HOW TO COMPLETE THIS TASK:
Once you find the line with "Kaja Kallas, haute" in the entries below, return exactly every line from it through the line with "Blåa midwaist jeans".

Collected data
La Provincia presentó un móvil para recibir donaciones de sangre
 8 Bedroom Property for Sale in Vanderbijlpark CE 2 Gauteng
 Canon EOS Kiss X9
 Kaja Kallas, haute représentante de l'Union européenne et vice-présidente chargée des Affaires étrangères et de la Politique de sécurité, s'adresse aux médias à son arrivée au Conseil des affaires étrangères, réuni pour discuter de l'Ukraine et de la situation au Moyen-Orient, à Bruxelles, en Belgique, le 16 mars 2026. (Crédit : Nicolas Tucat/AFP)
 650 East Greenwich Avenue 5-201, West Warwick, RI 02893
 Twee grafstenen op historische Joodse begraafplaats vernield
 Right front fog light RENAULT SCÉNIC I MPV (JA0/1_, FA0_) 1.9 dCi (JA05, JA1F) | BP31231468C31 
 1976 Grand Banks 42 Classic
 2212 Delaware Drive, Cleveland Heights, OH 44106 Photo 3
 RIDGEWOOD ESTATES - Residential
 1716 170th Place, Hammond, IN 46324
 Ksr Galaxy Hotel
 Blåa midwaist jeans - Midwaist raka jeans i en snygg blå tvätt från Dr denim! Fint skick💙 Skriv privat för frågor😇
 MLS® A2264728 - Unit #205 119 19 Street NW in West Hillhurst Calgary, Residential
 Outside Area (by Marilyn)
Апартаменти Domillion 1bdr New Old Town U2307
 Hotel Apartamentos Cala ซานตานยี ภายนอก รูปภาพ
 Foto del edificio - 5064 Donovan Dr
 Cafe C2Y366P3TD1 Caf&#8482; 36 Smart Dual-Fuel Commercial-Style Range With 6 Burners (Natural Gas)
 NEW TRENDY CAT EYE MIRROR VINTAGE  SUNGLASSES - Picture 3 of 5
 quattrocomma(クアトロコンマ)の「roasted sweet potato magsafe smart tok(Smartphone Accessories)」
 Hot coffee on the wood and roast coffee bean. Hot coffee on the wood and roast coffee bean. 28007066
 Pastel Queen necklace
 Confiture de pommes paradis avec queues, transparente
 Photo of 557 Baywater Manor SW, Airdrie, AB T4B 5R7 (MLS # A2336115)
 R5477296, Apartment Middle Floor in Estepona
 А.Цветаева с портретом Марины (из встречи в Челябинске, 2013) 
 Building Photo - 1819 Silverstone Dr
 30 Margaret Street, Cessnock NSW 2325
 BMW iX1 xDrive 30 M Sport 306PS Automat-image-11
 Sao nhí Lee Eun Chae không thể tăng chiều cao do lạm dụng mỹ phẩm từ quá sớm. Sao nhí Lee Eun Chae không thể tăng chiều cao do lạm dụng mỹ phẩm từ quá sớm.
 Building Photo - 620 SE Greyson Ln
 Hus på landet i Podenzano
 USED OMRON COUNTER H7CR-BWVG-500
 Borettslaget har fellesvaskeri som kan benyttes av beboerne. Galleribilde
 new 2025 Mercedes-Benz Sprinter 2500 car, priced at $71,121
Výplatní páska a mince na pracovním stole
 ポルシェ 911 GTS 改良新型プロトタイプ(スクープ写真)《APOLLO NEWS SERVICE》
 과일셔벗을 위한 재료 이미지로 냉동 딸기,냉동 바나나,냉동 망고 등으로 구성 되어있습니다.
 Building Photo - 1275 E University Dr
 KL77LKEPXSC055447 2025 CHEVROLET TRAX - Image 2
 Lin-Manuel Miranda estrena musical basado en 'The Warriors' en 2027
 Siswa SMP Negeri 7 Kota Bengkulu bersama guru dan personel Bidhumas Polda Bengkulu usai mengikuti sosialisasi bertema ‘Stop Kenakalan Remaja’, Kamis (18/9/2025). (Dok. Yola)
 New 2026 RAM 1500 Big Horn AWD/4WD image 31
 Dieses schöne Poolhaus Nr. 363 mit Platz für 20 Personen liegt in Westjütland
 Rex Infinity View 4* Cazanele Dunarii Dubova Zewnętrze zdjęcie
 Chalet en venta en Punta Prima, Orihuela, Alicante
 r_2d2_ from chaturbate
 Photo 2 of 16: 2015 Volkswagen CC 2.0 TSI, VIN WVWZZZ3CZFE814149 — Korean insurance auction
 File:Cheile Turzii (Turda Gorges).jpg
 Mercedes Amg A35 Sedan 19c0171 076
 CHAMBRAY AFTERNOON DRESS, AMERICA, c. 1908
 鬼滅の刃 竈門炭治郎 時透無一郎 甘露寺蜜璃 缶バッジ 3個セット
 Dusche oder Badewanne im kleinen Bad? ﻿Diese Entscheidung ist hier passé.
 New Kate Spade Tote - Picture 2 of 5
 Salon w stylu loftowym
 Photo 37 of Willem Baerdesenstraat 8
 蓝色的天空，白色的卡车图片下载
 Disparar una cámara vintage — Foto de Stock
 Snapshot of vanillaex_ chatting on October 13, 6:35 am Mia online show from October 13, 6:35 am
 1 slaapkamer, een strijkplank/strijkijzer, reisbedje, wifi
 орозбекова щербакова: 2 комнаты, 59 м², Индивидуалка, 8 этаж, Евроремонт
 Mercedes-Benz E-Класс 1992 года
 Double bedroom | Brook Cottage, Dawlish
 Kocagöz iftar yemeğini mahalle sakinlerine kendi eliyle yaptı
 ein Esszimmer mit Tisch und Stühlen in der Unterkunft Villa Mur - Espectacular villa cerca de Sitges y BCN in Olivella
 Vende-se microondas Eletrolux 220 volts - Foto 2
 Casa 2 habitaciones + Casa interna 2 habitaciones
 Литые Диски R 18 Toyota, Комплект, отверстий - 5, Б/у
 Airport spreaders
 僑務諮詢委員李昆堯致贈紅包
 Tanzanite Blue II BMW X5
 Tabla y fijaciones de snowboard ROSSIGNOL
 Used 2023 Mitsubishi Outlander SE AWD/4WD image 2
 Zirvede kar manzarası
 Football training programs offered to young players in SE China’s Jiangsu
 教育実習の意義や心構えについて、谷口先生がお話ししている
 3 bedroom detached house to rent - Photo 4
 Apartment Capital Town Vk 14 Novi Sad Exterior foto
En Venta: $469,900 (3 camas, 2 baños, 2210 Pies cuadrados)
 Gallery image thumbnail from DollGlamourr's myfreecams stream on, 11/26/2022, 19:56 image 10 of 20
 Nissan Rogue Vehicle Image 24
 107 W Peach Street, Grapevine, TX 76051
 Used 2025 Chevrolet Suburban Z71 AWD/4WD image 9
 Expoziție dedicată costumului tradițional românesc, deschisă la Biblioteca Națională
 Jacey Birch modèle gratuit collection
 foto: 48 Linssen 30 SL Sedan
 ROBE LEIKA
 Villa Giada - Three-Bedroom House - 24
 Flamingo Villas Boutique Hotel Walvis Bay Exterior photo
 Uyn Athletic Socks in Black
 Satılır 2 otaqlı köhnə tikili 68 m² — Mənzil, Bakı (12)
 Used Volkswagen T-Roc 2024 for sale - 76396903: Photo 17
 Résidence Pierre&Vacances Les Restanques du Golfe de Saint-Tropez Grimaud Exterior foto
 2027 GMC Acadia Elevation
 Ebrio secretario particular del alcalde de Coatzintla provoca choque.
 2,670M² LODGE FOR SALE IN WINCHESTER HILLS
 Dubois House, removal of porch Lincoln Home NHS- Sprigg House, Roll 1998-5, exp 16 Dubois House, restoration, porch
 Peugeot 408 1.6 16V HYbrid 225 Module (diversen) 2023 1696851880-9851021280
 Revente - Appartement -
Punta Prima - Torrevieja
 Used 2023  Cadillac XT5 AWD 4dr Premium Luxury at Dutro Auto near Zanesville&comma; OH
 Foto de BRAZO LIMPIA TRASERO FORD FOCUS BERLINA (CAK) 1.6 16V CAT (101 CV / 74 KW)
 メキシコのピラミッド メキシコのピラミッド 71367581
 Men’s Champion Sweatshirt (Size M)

WORKED SOLUTION:
 Kaja Kallas, haute représentante de l'Union européenne et vice-présidente chargée des Affaires étrangères et de la Politique de sécurité, s'adresse aux médias à son arrivée au Conseil des affaires étrangères, réuni pour discuter de l'Ukraine et de la situation au Moyen-Orient, à Bruxelles, en Belgique, le 16 mars 2026. (Crédit : Nicolas Tucat/AFP)
 650 East Greenwich Avenue 5-201, West Warwick, RI 02893
 Twee grafstenen op historische Joodse begraafplaats vernield
 Right front fog light RENAULT SCÉNIC I MPV (JA0/1_, FA0_) 1.9 dCi (JA05, JA1F) | BP31231468C31 
 1976 Grand Banks 42 Classic
 2212 Delaware Drive, Cleveland Heights, OH 44106 Photo 3
 RIDGEWOOD ESTATES - Residential
 1716 170th Place, Hammond, IN 46324
 Ksr Galaxy Hotel
 Blåa midwaist jeans - Midwaist raka jeans i en snygg blå tvätt från Dr denim! Fint skick💙 Skriv privat för frågor😇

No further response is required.